WORK INSTRUCTION — Copy the listing as it is written, and leave each picture out.

DATA BLOCK —

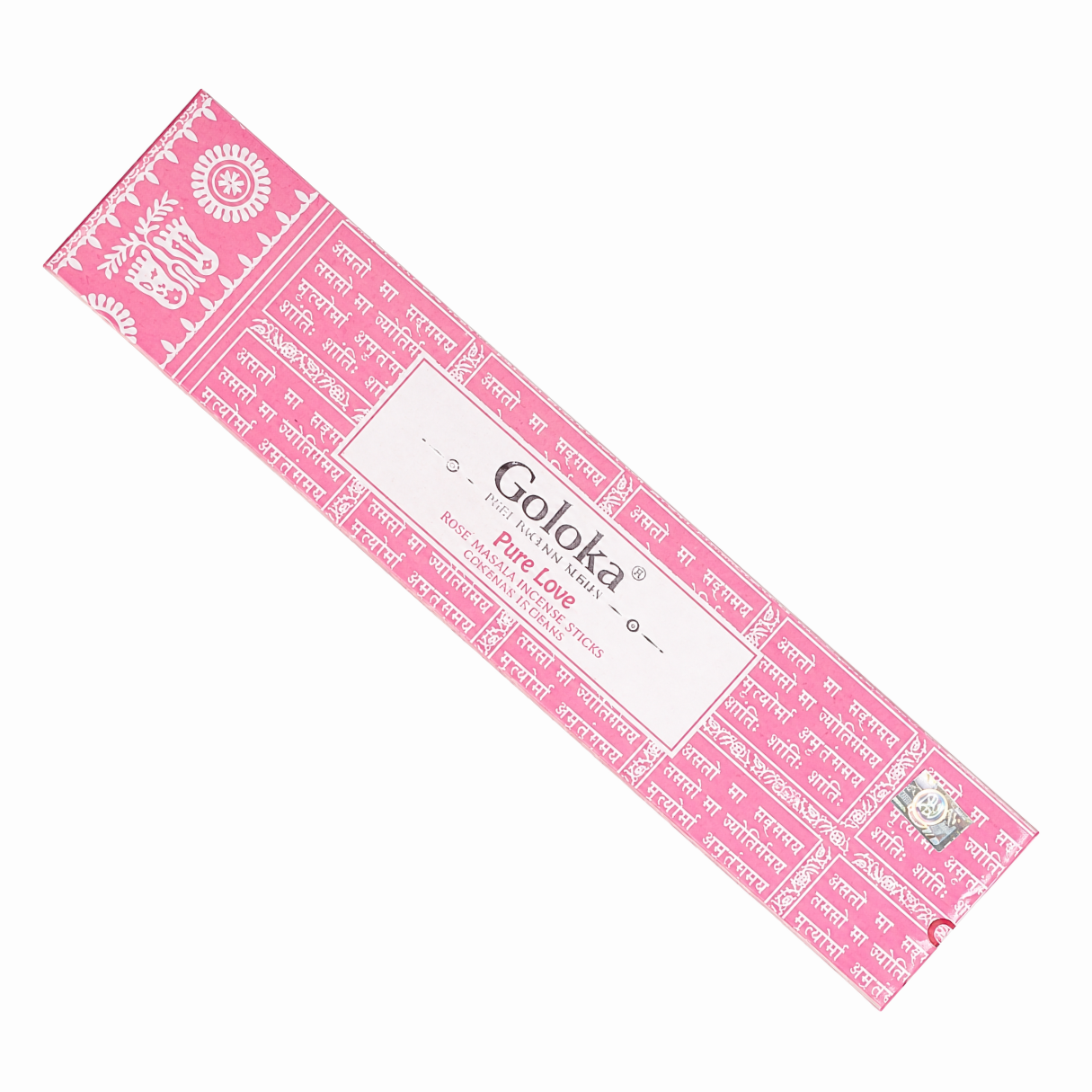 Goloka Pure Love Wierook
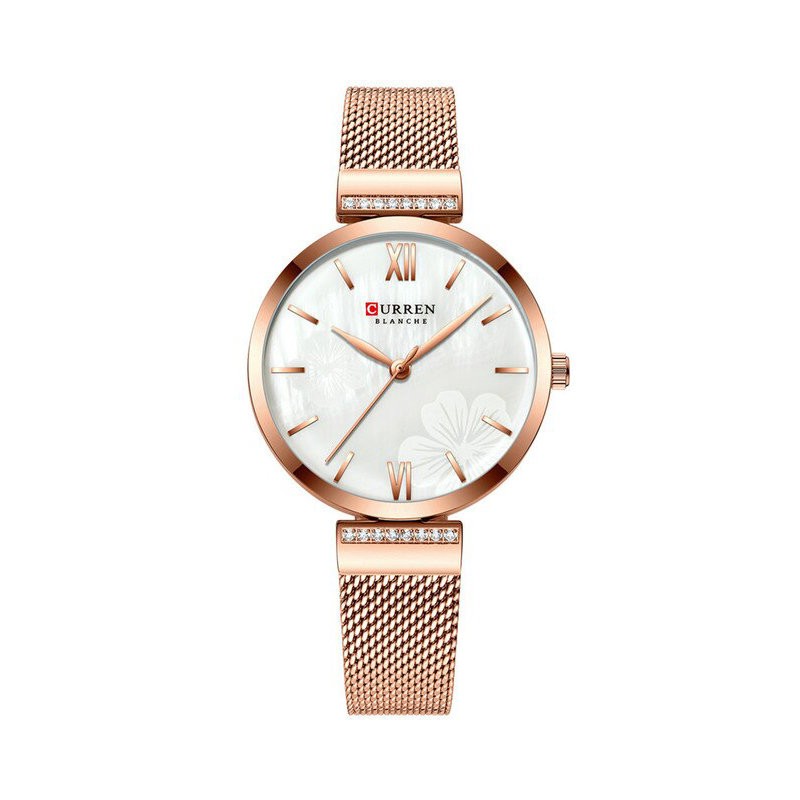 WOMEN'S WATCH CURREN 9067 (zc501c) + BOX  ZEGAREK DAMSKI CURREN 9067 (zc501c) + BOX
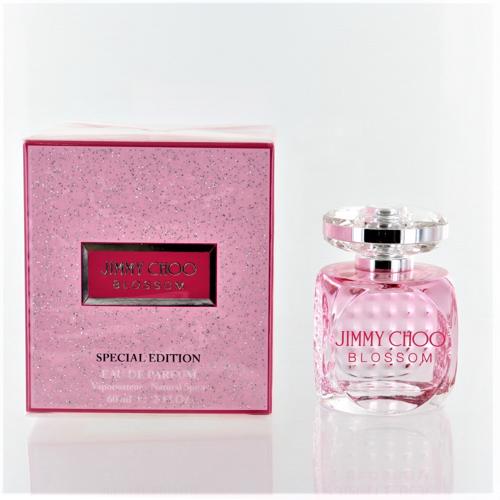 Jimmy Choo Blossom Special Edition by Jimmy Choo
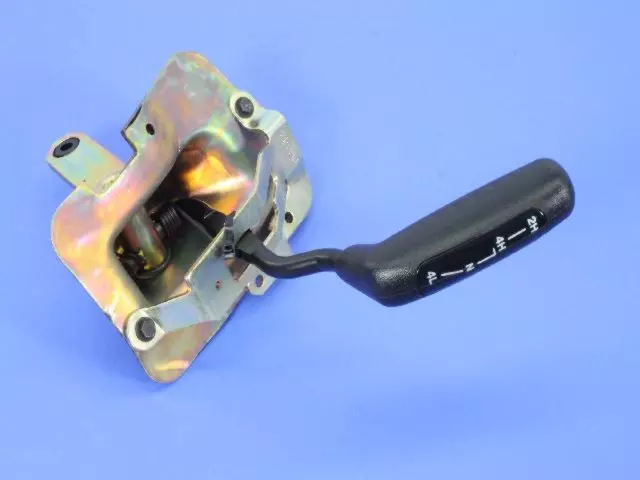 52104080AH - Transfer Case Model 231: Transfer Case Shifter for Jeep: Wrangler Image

YOUR RESPONSE —
 Goloka Pure Love Wierook
 WOMEN'S WATCH CURREN 9067 (zc501c) + BOX  ZEGAREK DAMSKI CURREN 9067 (zc501c) + BOX
 Jimmy Choo Blossom Special Edition by Jimmy Choo
 52104080AH - Transfer Case Model 231: Transfer Case Shifter for Jeep: Wrangler Image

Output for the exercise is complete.